• [INSTRUCTIONS TO FOLLOW] Every line from the one with "Hi everyone and" to the end of the listing, and nothing else, is to be printed exactly; please leave the pictures out.

• [ENTRIES SUPPLIED]
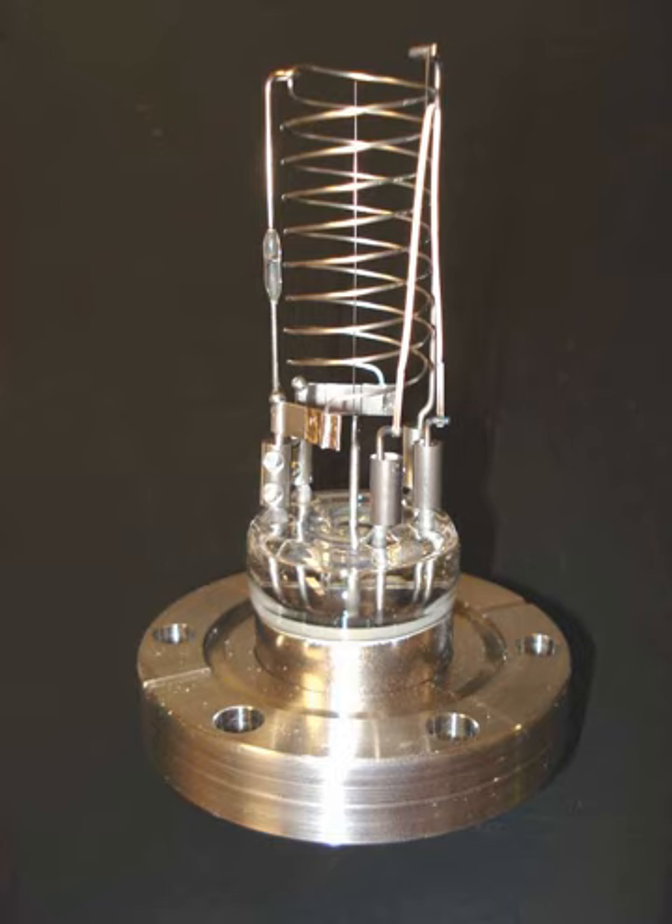A hot cathode ionization gauge is composed mainly of three electrodes, all acting as a triode, wherein the cathode is the filament. The three electrodes are a collector or plate, a filament, and a grid. The collector current is measured in picoamperes by an electrometer.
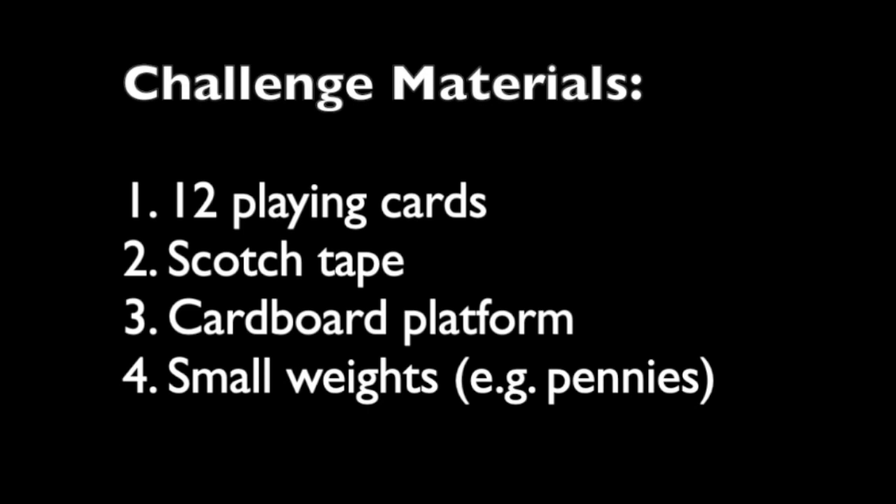So here's the materials. First, I need you to find your favorite deck of cards and pick out 12 playing cards. You need some scotch tape, a small cardboard platform — like the bottom of a milk or juice carton works great — and something small for very small weights. I would use pennies, paperclips, or anything else that's similar across a number of different small pieces.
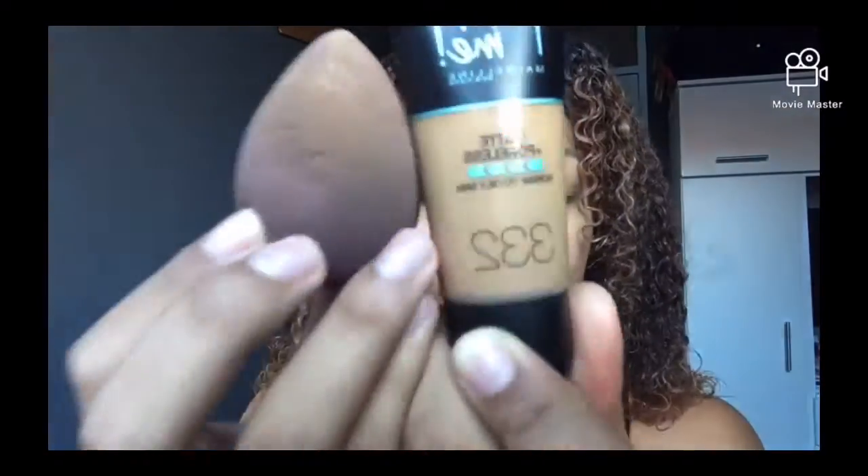Hi everyone and welcome back. I start off with my moisturizer and then my Vaseline Lip Therapy.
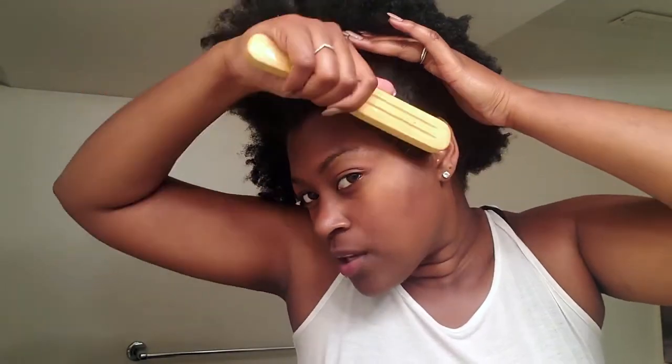Next, get your bristle brush and slick it back. What you're doing is evenly distributing the edge control, slicking it in the direction you want it to go. Now your hair is prepped and ready for the next step — and this is the most important step.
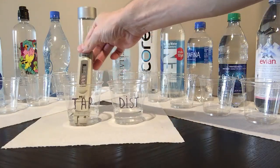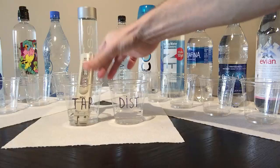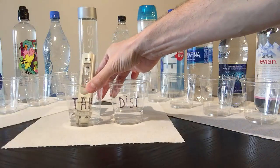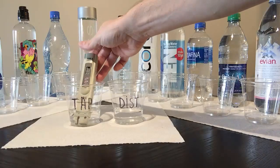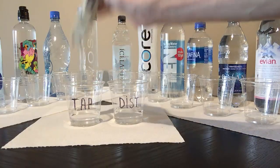Now let's compare it to tap water in Florida, and it shows about 199. So now you see the difference between distilled water and tap water — about 200 points.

• [ANSWER FOR THIS EXERCISE]
Hi everyone and welcome back. I start off with my moisturizer and then my Vaseline Lip Therapy.
Next, get your bristle brush and slick it back. What you're doing is evenly distributing the edge control, slicking it in the direction you want it to go. Now your hair is prepped and ready for the next step — and this is the most important step.
Now let's compare it to tap water in Florida, and it shows about 199. So now you see the difference between distilled water and tap water — about 200 points.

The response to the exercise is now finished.